Il “centro di emergenza e riabilitazione” sorgerà “in autunno” nell’area di Kolwezi, nel sud del Paese, “dove si concentrano le più grandi miniere di cobalto del mondo, con lo scopo di togliere i bambini dal lavoro minorile e di riportarli a scuola”, ha previsto Govoni. “Ci proveremo attraverso attività di sensibilizzazione e distribuzioni di beni di prima necessità alle famiglie, come ad esempio pacchi alimentari, vestiti e kit igienici, in modo che i figli non siano più costretti a lavorare”, ha aggiunto.
La “violazione dei diritti dei bambini nelle regioni minerarie è allarmante”, aveva sottolineato Sarah Evans, Direttrice dei Programmi di Still I Rise, in un comunicato diffuso il mese scorso in occasione dell’ottenimento di tutte le autorizzazioni ministeriali per iniziare le operazioni.
Il lavoro minorile in Congo è una piaga ben nota, veniva ricordato nel testo. Sebbene, dopo una denuncia di Amnesty International, il Paese abbia annunciato di voler eliminare entro il 2025 l’impiego dei bambini nel settore minerario, attualmente questi continuano a essere sfruttati senza il minimo rispetto dei diritti umani. Una stima Unicef, ma risalente al 2014, parla di circa 40mila bambini impegnati nell’estrazione del cobalto. I turni di lavoro arrivano a 12 ore al giorno, durante le quali i minori scavano la roccia a mani nude trasportando sacchi di pietre spesso più pesanti di loro stessi. La retribuzione varia da 1 a 2 euro al giorno, a discrezione dei commercianti che pagano in base al peso e alla purezza dei minerali estratti.

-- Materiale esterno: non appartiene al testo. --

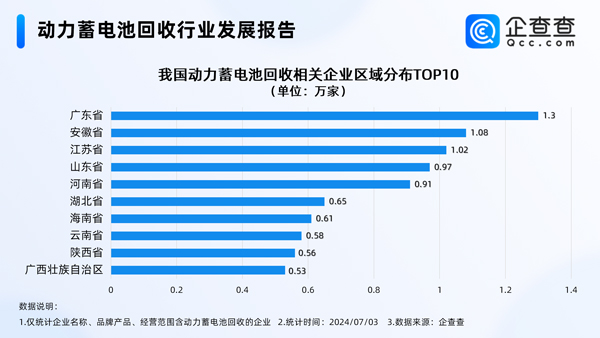 北京居首!我国现存动力电池回收相关企业逾14万家 北京居首!我国现存动力电池回收相关企业逾14万家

“I siti di lavorazione mineraria sono un inferno sulla terra. I lavoratori spendono ore nell’acqua acida, a spaccare pietre, per poi lavarle e venderle a prezzi stracciati alle società minerarie. Una gran parte di questi lavoratori sono bambini di tutte le età. 7, 9, 13, 16 anni”, aveva riferito il mese scorso Giovanni Volpe, Nairobi Program Manager che assieme a Govoni ha visitato di recente la zona. “Ma non mancano i neonati, fasciati sulla schiena delle madri mentre queste scavano, estraggono, spaccano, lavano e ripetono" fra "suolo tossico", e "acqua torbida”, ha aggiunto Volpe.
Il Congo, da solo, produce più del 3% del rame e del 50% del cobalto venduti al mondo, ricorda la Onlus. Anche diamanti, coltan, oro e petrolio sono presenti in abbondanza nel territorio del Paese, che però si classifica 175/o su 189 nazioni per indice di sviluppo umano e in cui il 72% delle persone vive in condizioni di estrema povertà, con meno di 1,50 euro al giorno, senza accesso ai servizi essenziali. La situazione dei bambini è catastrofica: il 43% soffre di malnutrizione e sono 3,5 milioni i minori in età primaria fuori dalla scuola.
Nella regione del Katanga, dove si concentra la maggior parte dell’estrazione mineraria congolese, si registra il tasso più alto di mortalità infantile del mondo: 1 bambino su 5 muore prima del compimento dei 5 anni, ha ricordato Still I Rise.
La Onlus è attiva anche in Kenya, dove ha avviato la prima Scuola Internazionale per minori profughi e vulnerabili del continente africano. L’istituto rilascerà diplomi IB (International Baccalaureate) e permetterà agli studenti di accedere alle migliori università del pianeta.